WHAT IS REQUIRED
Begin at the line that has "Math requirements", stop after the line that has "Historical trends in", and print exactly those lines from the records below, without any pictures.

DATA

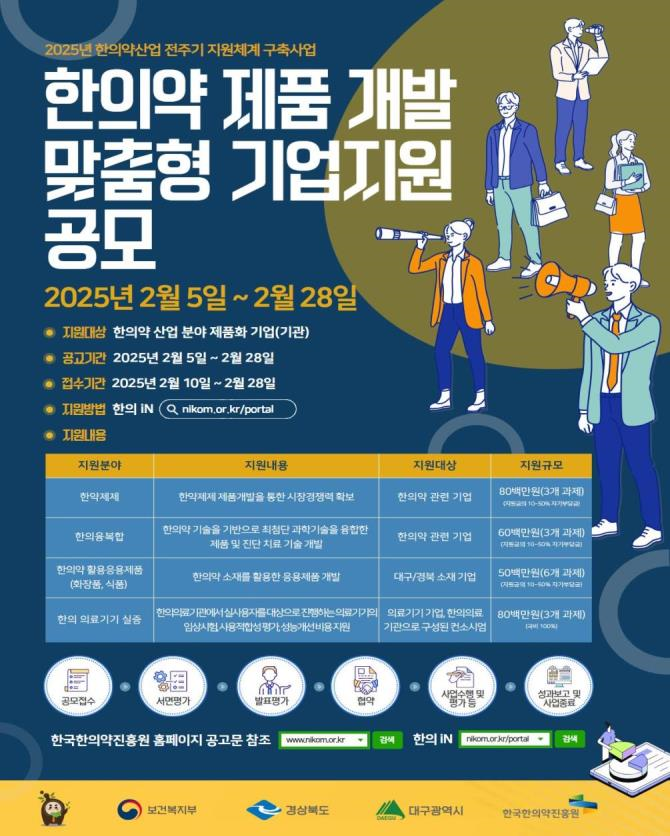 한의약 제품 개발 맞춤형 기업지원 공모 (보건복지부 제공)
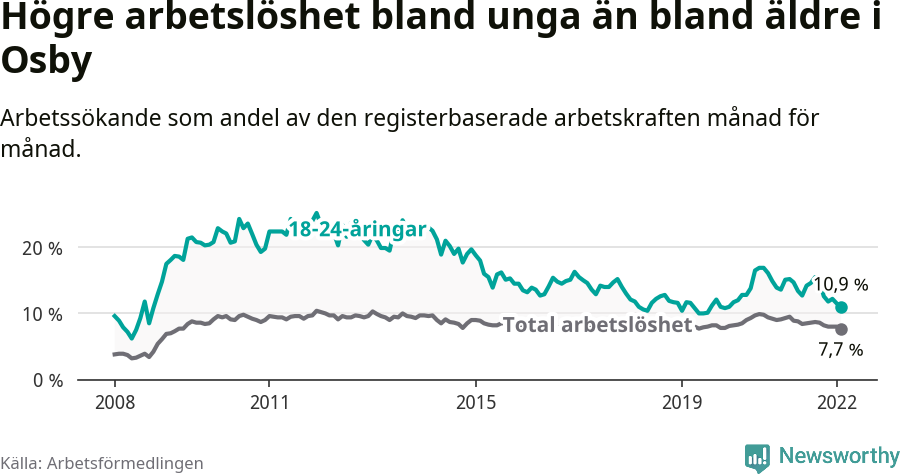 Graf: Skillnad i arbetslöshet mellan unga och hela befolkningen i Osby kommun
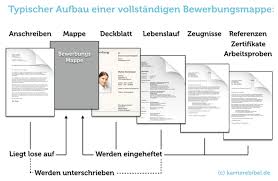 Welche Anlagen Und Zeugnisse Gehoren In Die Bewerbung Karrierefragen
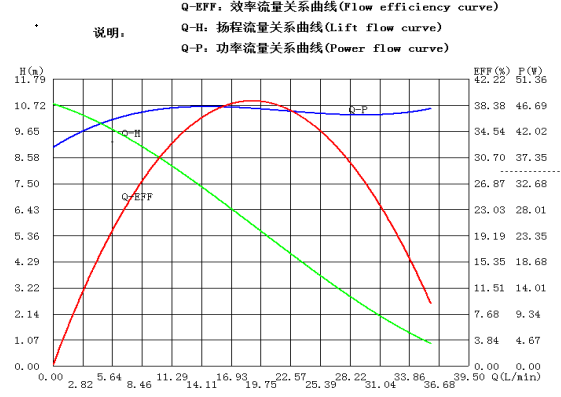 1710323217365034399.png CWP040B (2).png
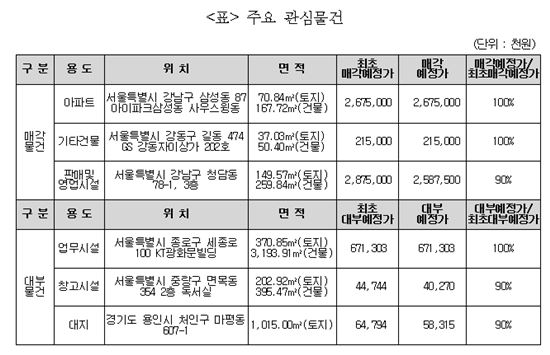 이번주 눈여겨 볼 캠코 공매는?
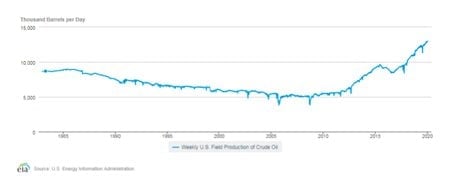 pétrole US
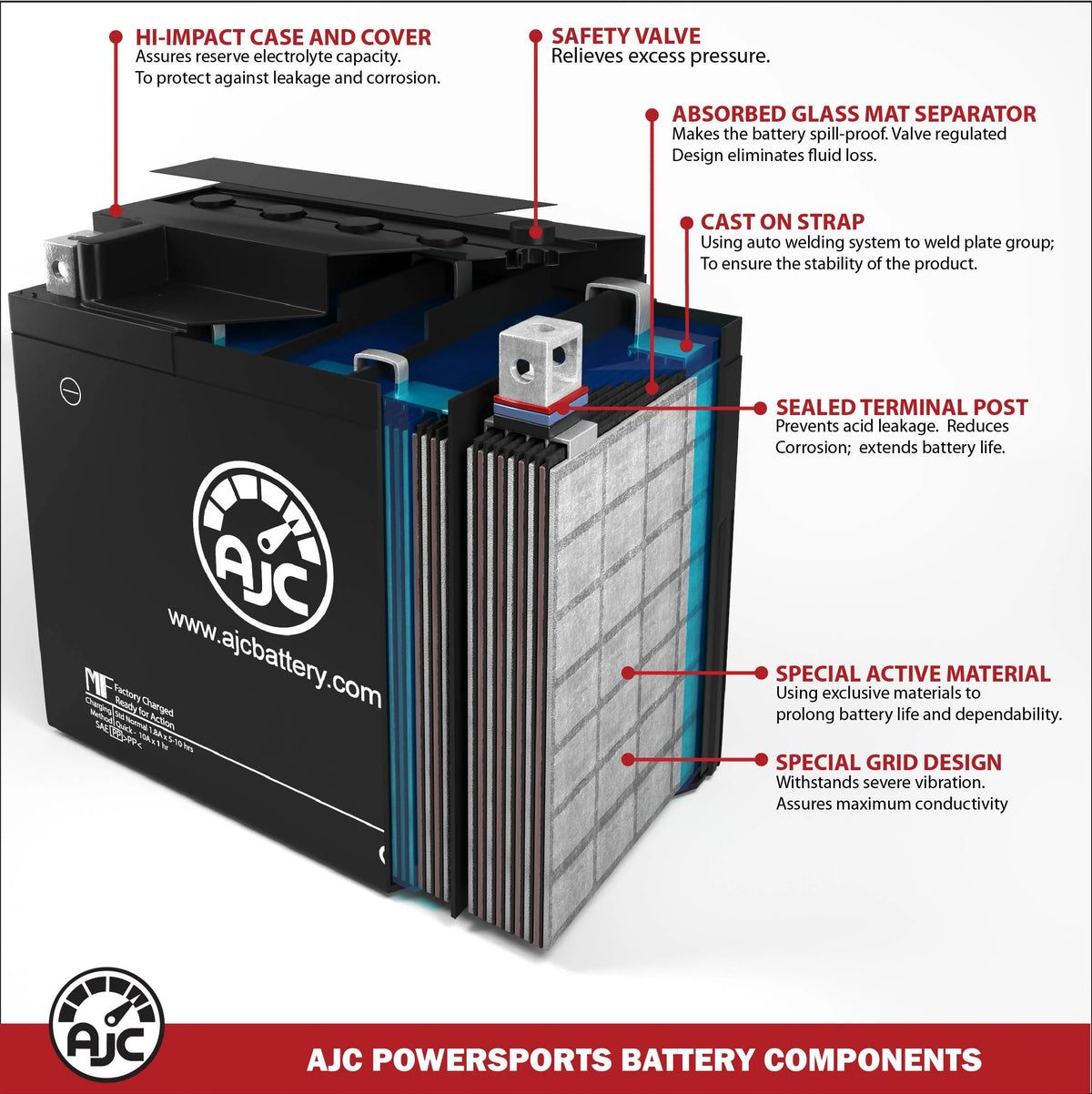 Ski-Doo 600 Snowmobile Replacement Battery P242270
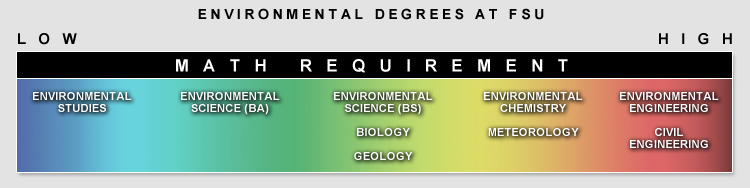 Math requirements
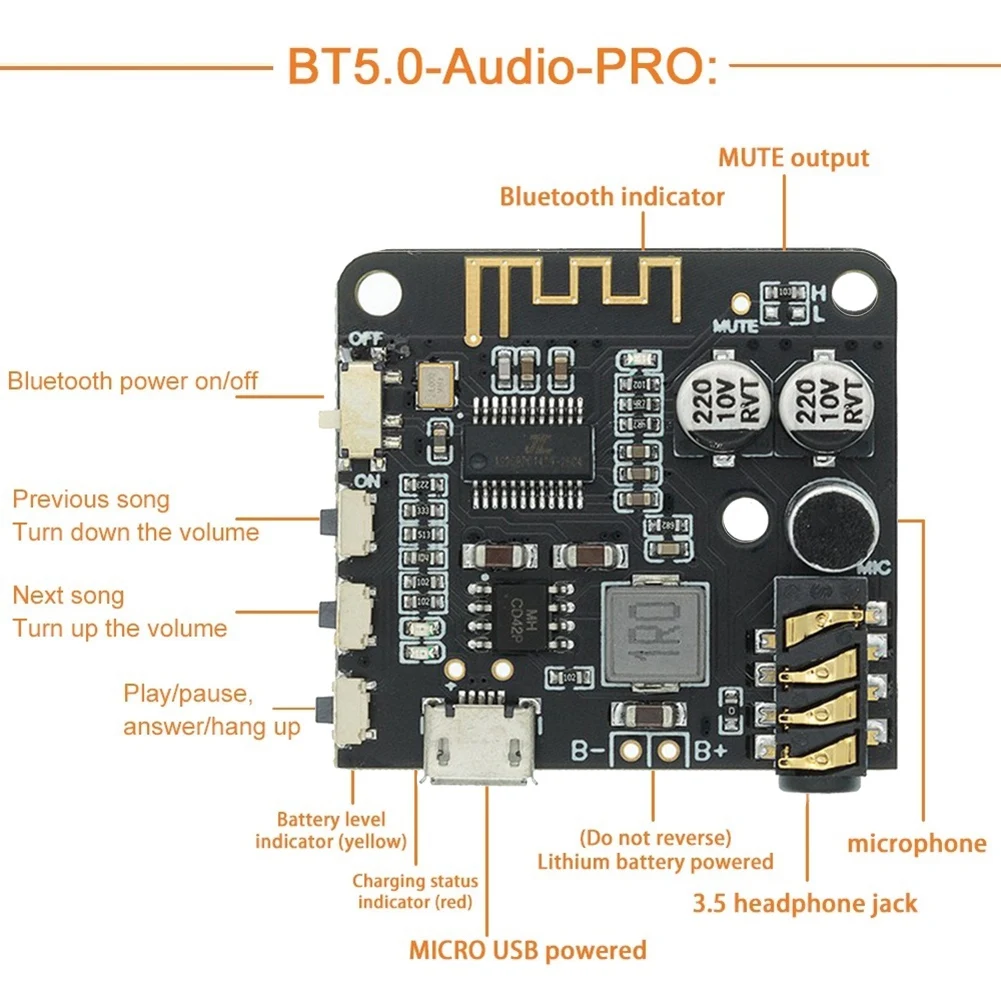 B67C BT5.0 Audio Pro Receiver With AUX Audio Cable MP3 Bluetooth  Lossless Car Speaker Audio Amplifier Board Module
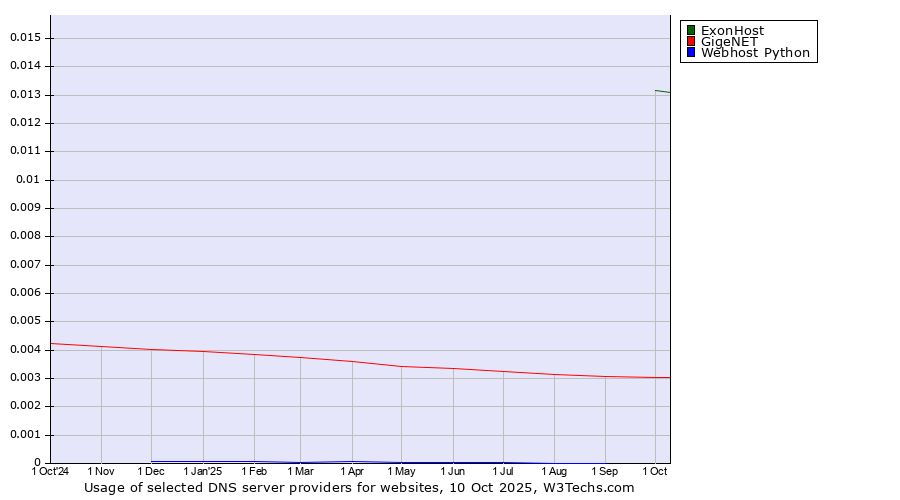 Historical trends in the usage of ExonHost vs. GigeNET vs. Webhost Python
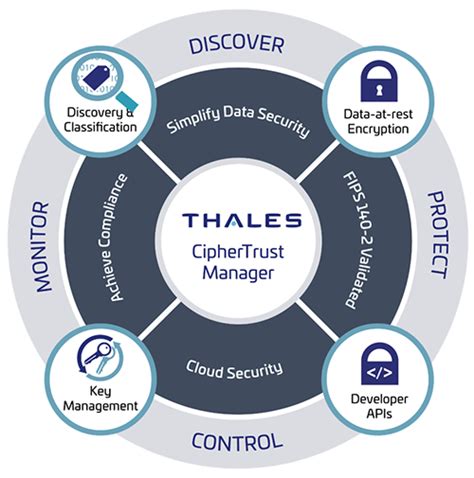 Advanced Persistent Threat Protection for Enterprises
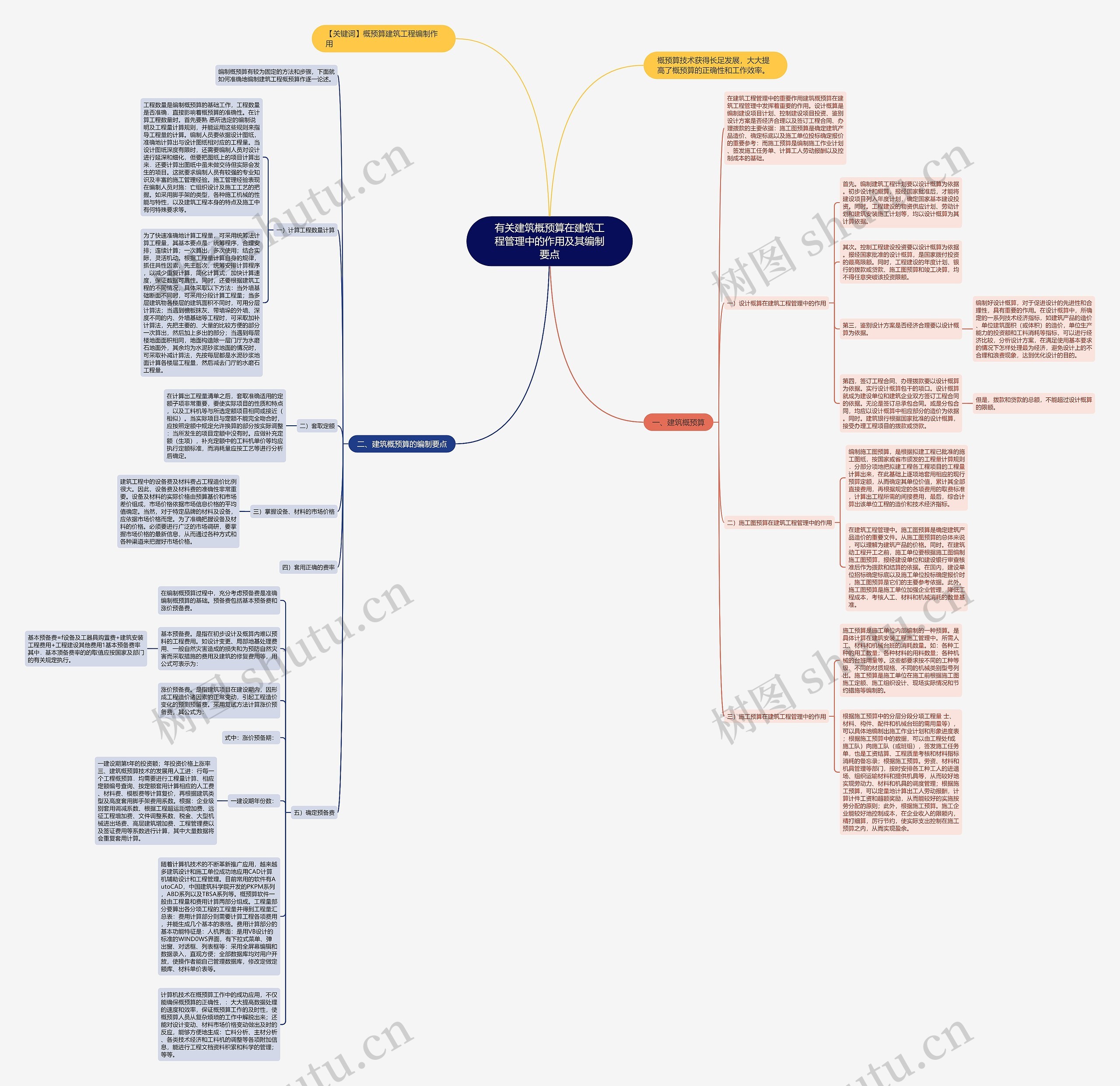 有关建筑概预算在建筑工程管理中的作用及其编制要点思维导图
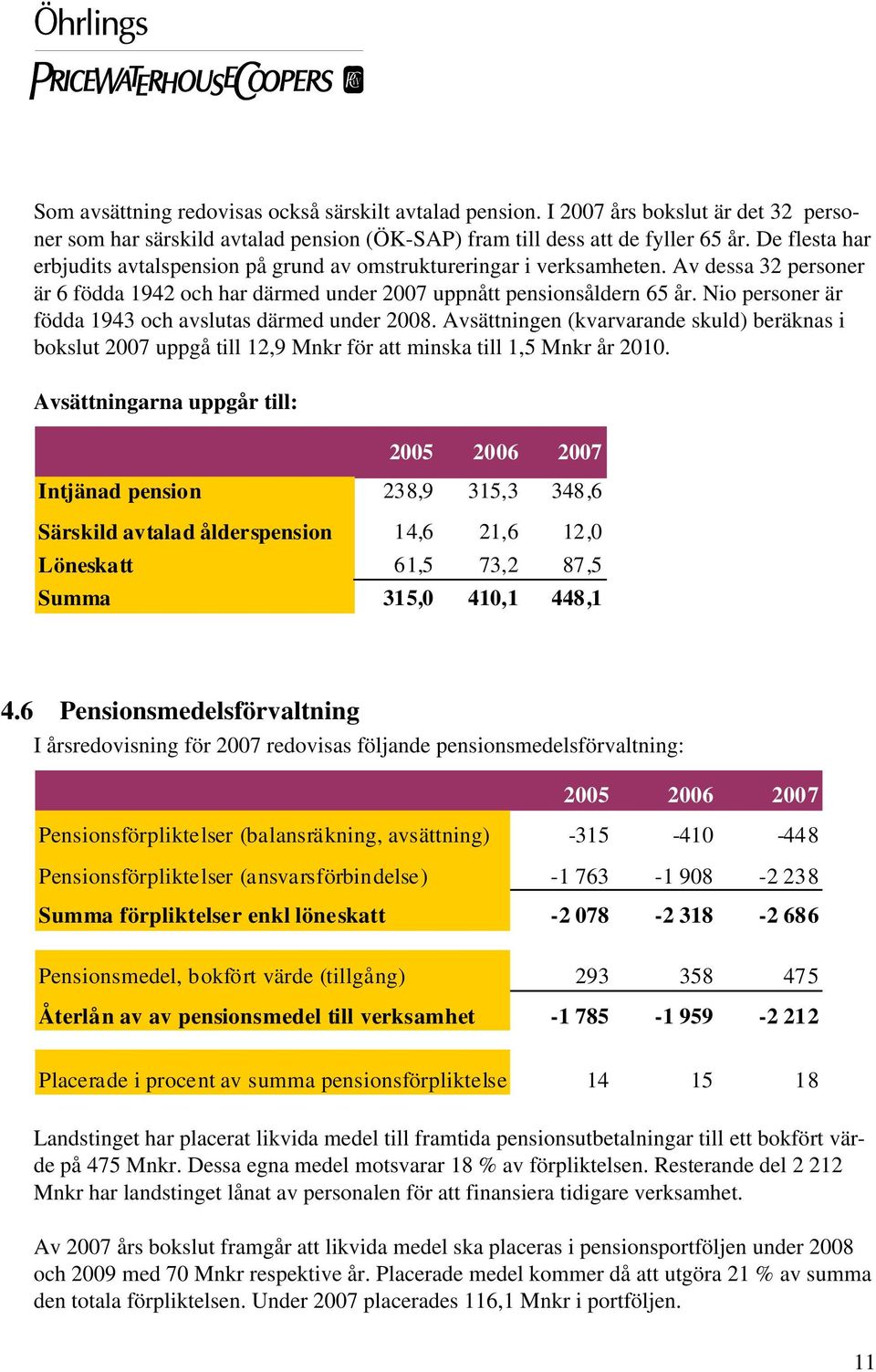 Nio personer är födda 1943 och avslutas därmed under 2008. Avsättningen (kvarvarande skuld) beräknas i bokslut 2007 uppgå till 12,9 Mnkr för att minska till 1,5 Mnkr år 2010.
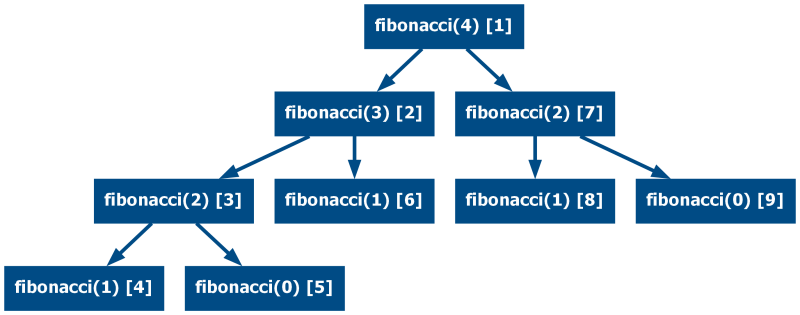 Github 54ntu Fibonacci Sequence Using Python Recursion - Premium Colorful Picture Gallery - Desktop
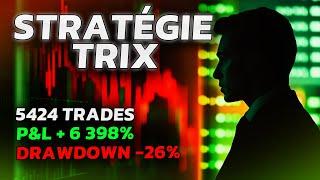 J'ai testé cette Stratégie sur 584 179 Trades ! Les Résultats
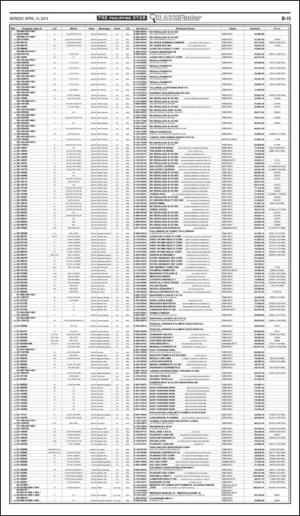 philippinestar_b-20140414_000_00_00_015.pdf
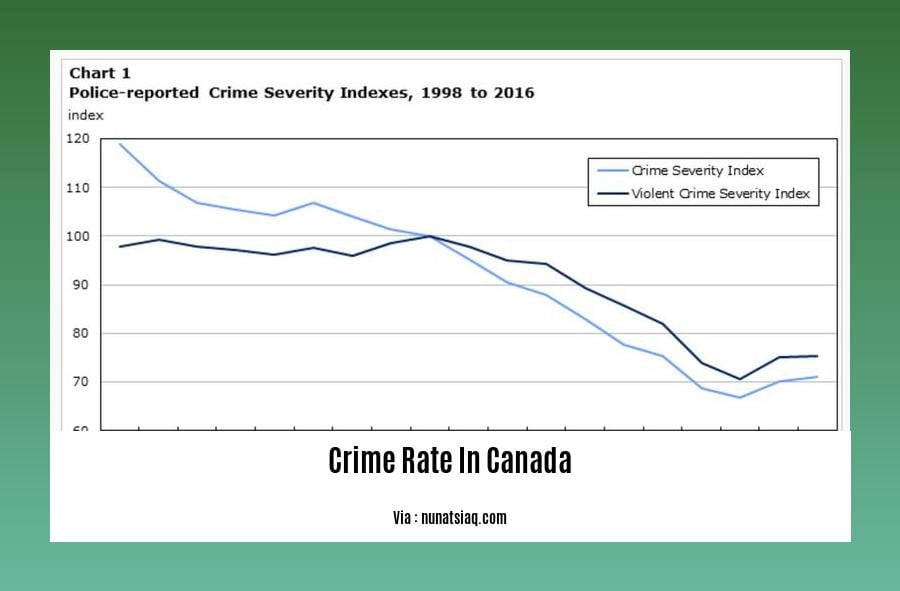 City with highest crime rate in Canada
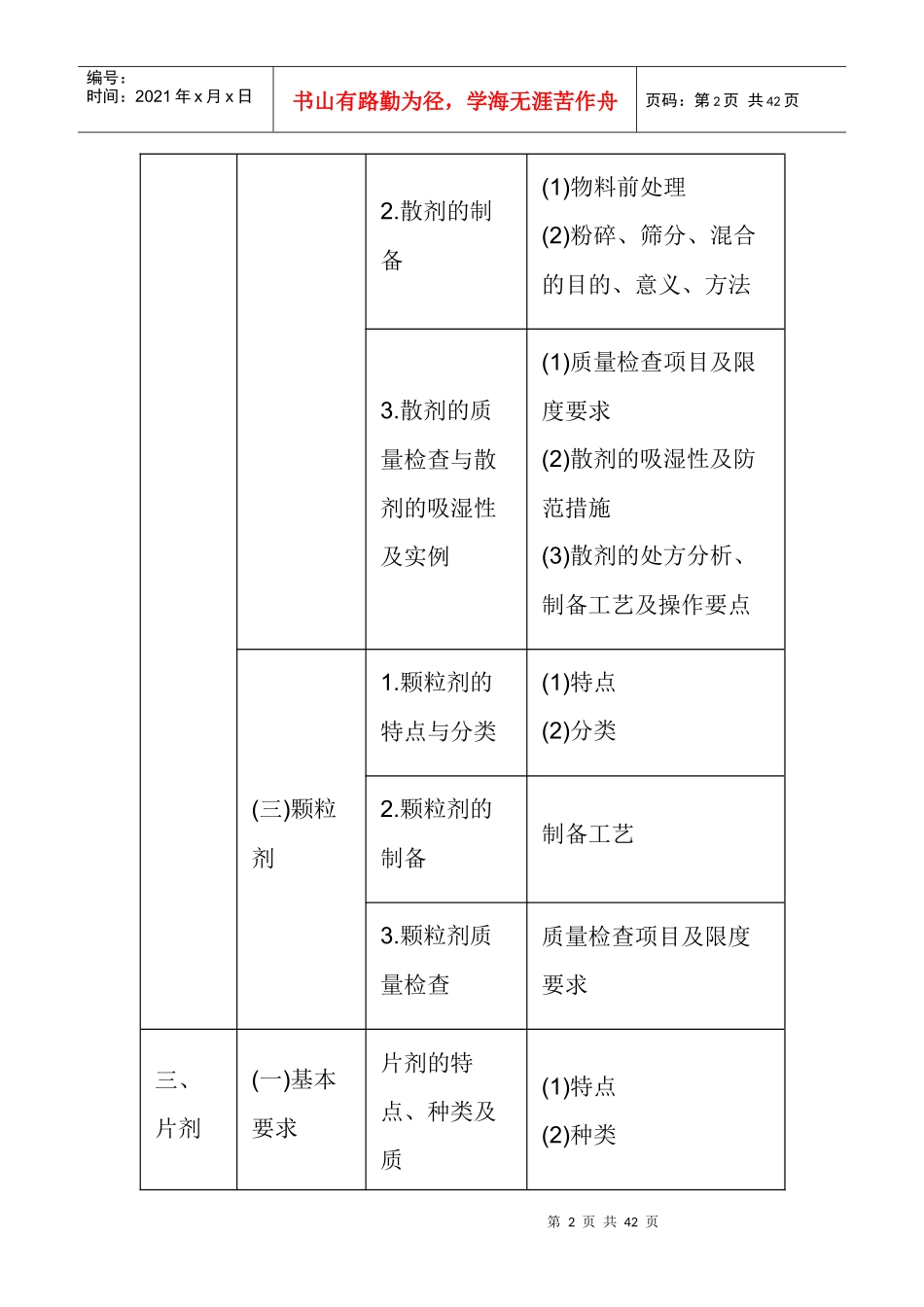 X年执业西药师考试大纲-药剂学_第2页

EXERCISE RESULT
 Math requirements
 B67C BT5.0 Audio Pro Receiver With AUX Audio Cable MP3 Bluetooth  Lossless Car Speaker Audio Amplifier Board Module
 Historical trends in the usage of ExonHost vs. GigeNET vs. Webhost Python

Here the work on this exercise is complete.